> _AIM OF THE TASK_: Transcribe only the lines of the listing below from the one holding "Seattle Seahawks quarterback" through the one holding "a view of room", inclusive, without any change.

> _RECORDS SHOWN_:
=======
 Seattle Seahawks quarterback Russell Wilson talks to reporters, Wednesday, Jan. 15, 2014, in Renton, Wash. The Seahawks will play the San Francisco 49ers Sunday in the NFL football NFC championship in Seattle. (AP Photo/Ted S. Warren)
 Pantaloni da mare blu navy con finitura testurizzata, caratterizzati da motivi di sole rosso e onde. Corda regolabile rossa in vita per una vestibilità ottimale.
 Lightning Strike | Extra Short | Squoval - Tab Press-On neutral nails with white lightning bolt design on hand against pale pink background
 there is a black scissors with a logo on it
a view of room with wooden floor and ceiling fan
=======
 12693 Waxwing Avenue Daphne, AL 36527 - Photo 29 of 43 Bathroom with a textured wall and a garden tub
=======
> _TASK SOLUTION_:
 Seattle Seahawks quarterback Russell Wilson talks to reporters, Wednesday, Jan. 15, 2014, in Renton, Wash. The Seahawks will play the San Francisco 49ers Sunday in the NFL football NFC championship in Seattle. (AP Photo/Ted S. Warren)
 Pantaloni da mare blu navy con finitura testurizzata, caratterizzati da motivi di sole rosso e onde. Corda regolabile rossa in vita per una vestibilità ottimale.
 Lightning Strike | Extra Short | Squoval - Tab Press-On neutral nails with white lightning bolt design on hand against pale pink background
 there is a black scissors with a logo on it
a view of room with wooden floor and ceiling fan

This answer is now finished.